Professor Joe Kai, a clinical academic on the project, commented: “There is growing interest in whether AI and machine learning can improve health outcome prediction. In some settings they help, in others they may not. Here, after careful model tuning, these algorithms provided meaningful improvements in accuracy.”
“Machine-learning techniques can be unfamiliar and technically demanding for many health researchers. By reporting methods transparently, we aim to support scientific verification and encourage responsible development of these tools for healthcare.”
This work builds on earlier research by the Nottingham team showing that multiple AI algorithms—random forest, logistic regression, gradient boosting and neural networks—outperformed an established cardiovascular risk algorithm used in clinical guidelines.
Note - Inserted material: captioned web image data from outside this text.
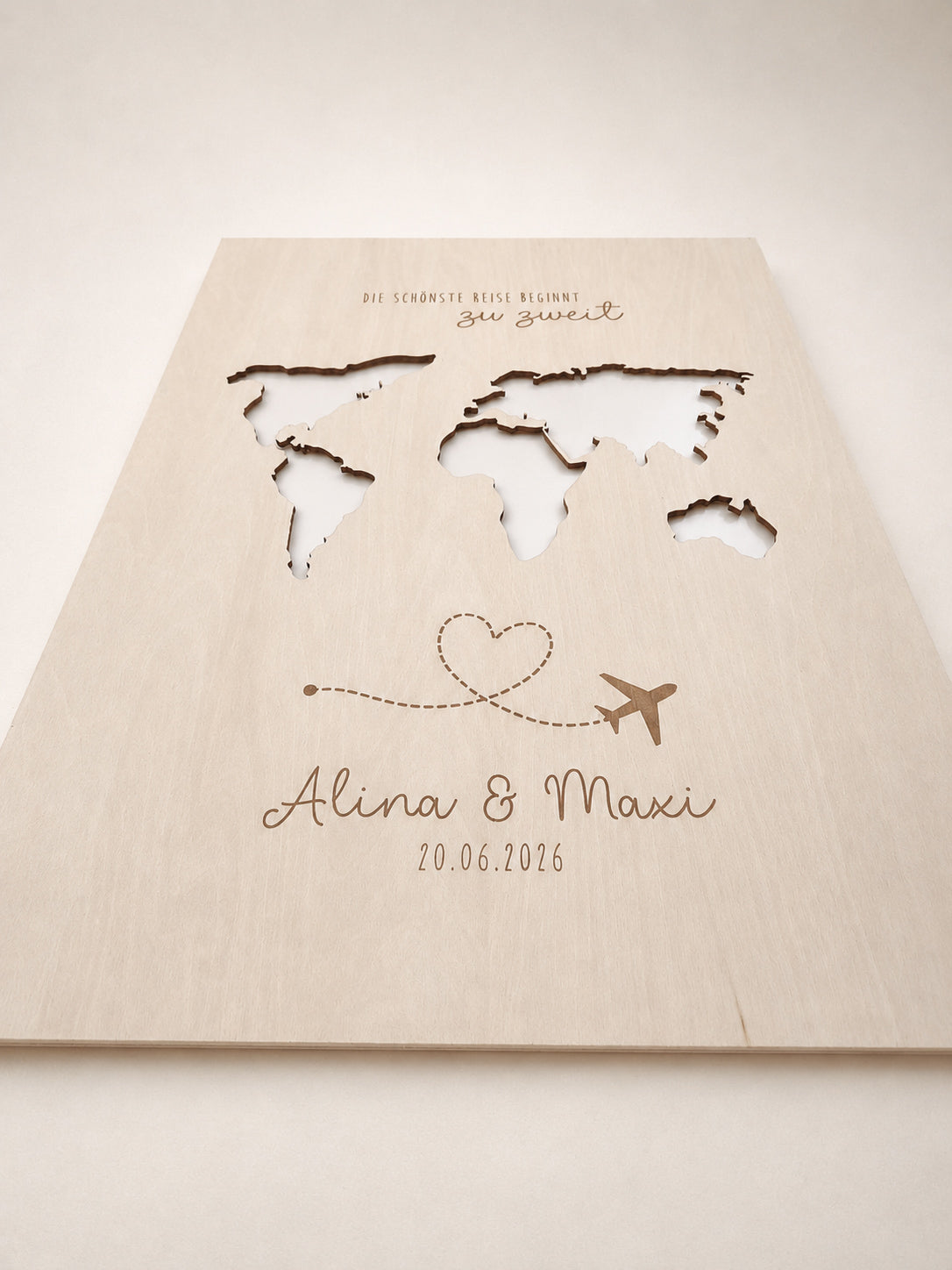 Personalisiertes Geldgeschenk zur Hochzeit aus hellem Holz mit filigraner Weltkarte und eingesteckten Euro-Geldscheinen hinter den Kontinenten. Die gravierte Aufschrift „Die schönste Reise beginnt zu zweit“ sowie die Namen des Brautpaares und das Hochzeitsdatum machen dieses Hochzeitsgeschenk zu einer besonderen Erinnerung. Das Holzbild steht in einer romantischen Hochzeitskulisse mit weißen Rosen, Kerzenlicht, Eheringen und eleganter Tischdekoration. Perfekt als Geldgeschenk für Flitterwochen, Reisekasse o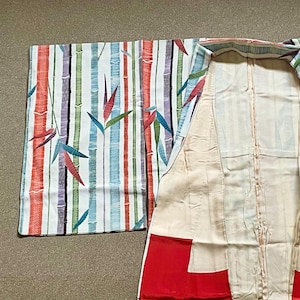 May include: A kimono with a bamboo pattern. The outer fabric features vertical stripes in red, green, blue, and purple, with bamboo stalks and leaves. The interior is cream-colored with red accents at the bottom.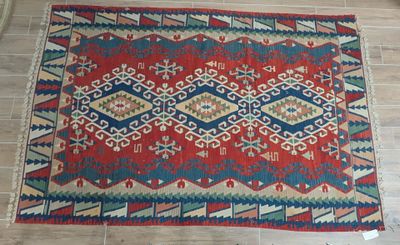 a red, blue and green rug on a tiled floor
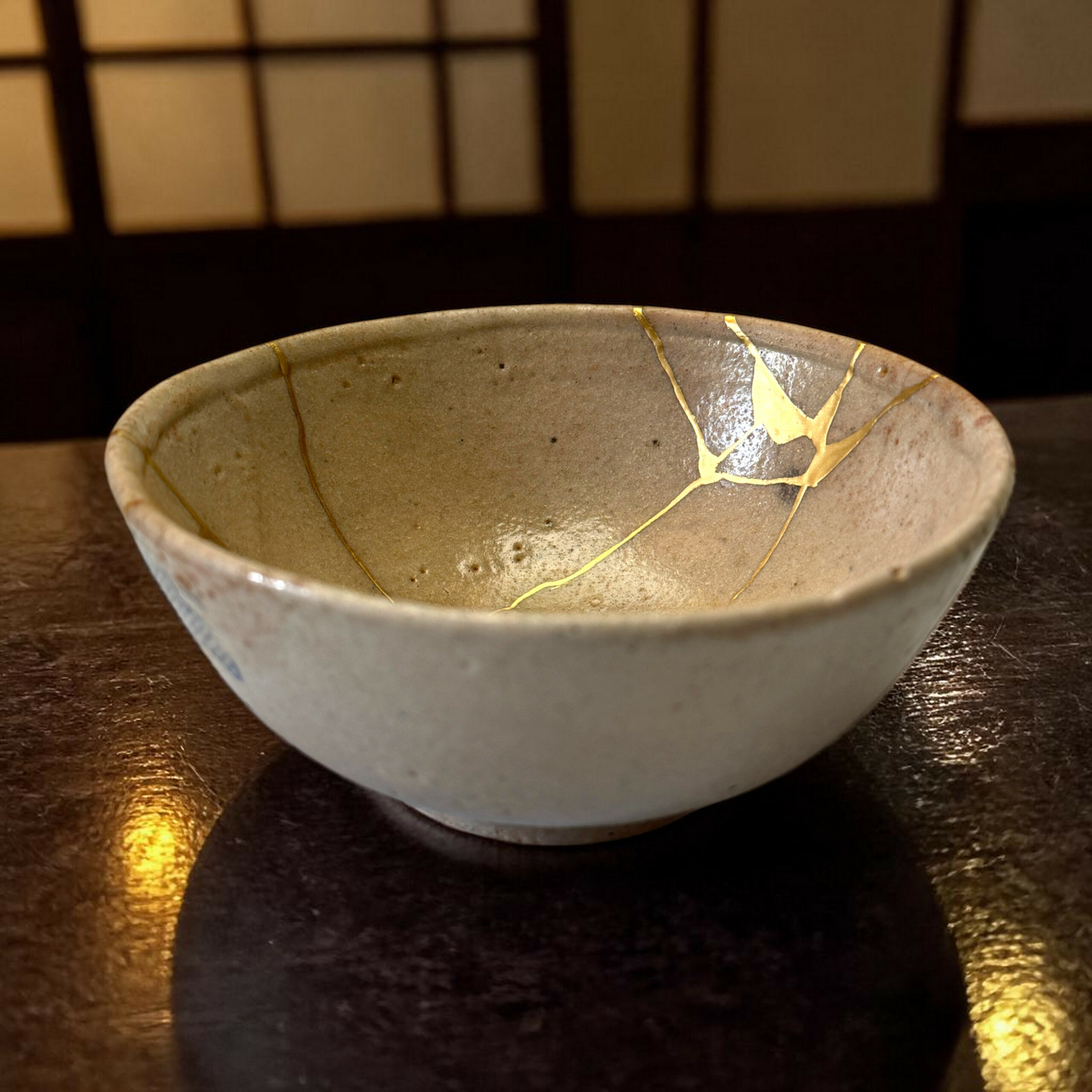 IMG_1575-Photoroom | Kintsugi by Myriam GREFF Ceramic bowl with gold-kintsugi cracks on a dark wooden table under warm lighting.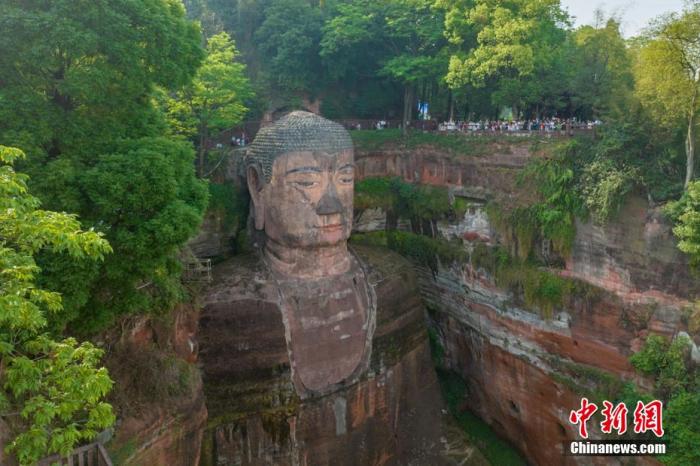 遠(yuǎn)眺樂(lè)山大佛，旁邊佛頭觀景平臺(tái)擠滿了游客。劉忠俊 攝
The authors anticipate AI will play a key role in next-generation tools for personalized medicine, enabling risk assessments and prevention strategies tailored to individual patients. They note further research is needed to validate these algorithms across diverse populations and to explore practical ways to integrate them into routine clinical care.
Source:
University of Nottingham
Media Contacts:
Stephen Weng – University of Nottingham
Image Source:
The image is in the public domain.
Original Research: Open access.
“Prediction of premature all-cause mortality: A prospective general population cohort study comparing machine-learning and standard epidemiological approaches”
Stephen F. Weng, Luis Vaz, Nadeem Qureshi, Joe Kai.
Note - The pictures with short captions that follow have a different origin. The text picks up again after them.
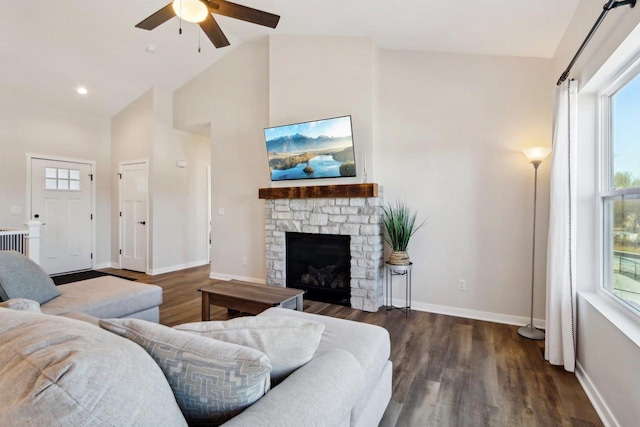 living room with a fireplace, dark wood-type flooring, high vaulted ceiling, and ceiling fan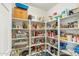 Well-organized pantry with shelves stocked with food and household essentials at 4502 E Hartford Ave, Phoenix, AZ 85032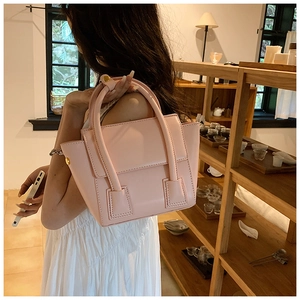 Close-up of light pink PU leather handbag with matte finish in a warm cafe setting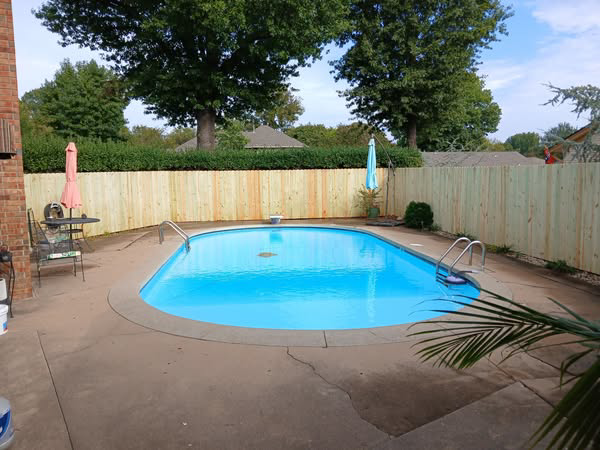 A new wooden privacy fence installed around a swimming pool by Master Fence Builders in Fort Smith, AR.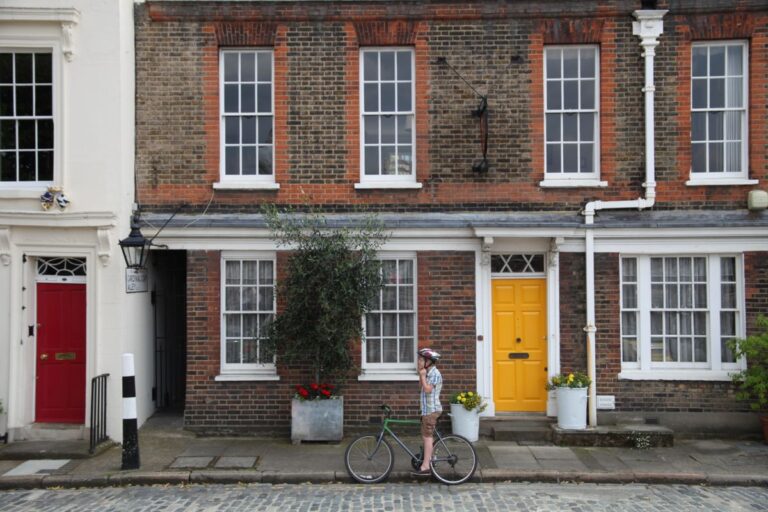 boy on bike outside house in london street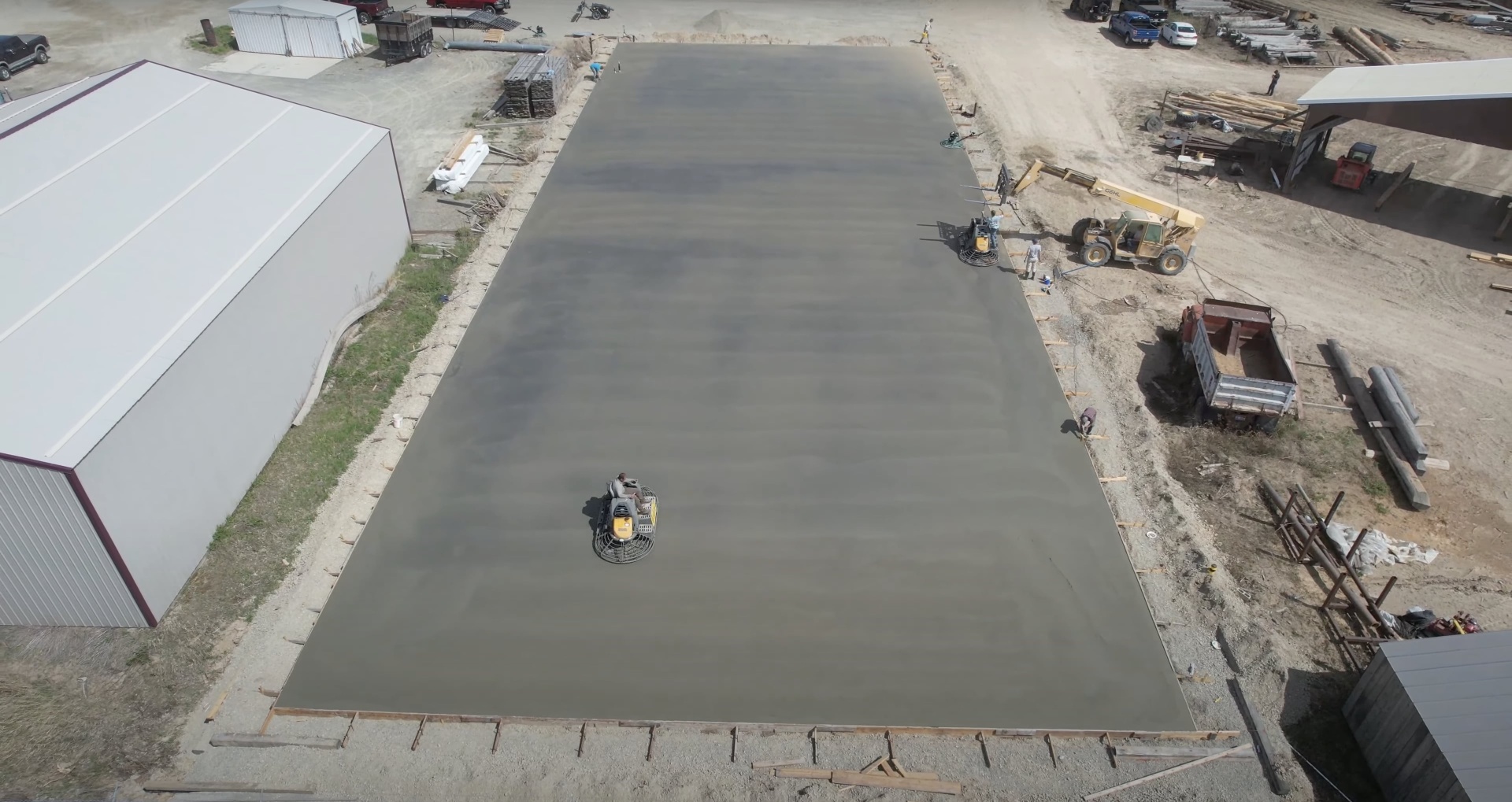 Professional concrete slab installation from aerial perspective Aerial view of large concrete slab being finished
Published: March 27, 2019 PLOS ONE doi:10.1371/journal.pone.0214365
Abstract
Prediction of premature all-cause mortality: A prospective general population cohort study comparing machine-learning and standard epidemiological approaches
Background
Prognostic modeling with conventional methods is well established for forecasting individual disease risk. Machine learning offers the capacity to model more complex outcomes, such as premature death across multiple causes. This study aimed to develop and compare novel machine-learning algorithms alongside standard survival models to predict premature all-cause mortality.
Methods
A prospective cohort of 502,628 UK Biobank participants aged 40–69 years were recruited from 2006 to 2010 and followed until 2016. Participants were assessed on demographic, biometric, clinical and lifestyle factors. Mortality data coded by ICD-10 were obtained via linkage to the Office for National Statistics. Models included deep learning, random forest and Cox regression. Calibration was evaluated by comparing observed versus predicted risks and discrimination by area under the receiver operating characteristic curve (AUC).
Findings
Over the follow-up period there were 14,418 deaths (2.9%) across 3,508,454 person-years. A simple age-and-sex Cox model was the least predictive (AUC 0.689, 95% CI 0.681–0.699). A multivariate Cox regression improved discrimination (AUC 0.751, 95% CI 0.748–0.767) but tended to over-predict risk. Machine-learning models further enhanced discrimination: random forest achieved AUC 0.783 (95% CI 0.776–0.791) and deep learning AUC 0.790 (95% CI 0.783–0.797). These represent improvements of 9.4% and 10.1%, respectively, over the simple Cox model. Random forest and deep learning performed similarly. Machine-learning models were well calibrated, while Cox models consistently overestimated risk.
Conclusions
In this middle-aged population, machine-learning substantially improved prediction accuracy for premature all-cause mortality compared with standard approaches. The study demonstrates the value of integrating machine learning within traditional epidemiological designs and highlights the importance of transparent reporting to support verification and future development.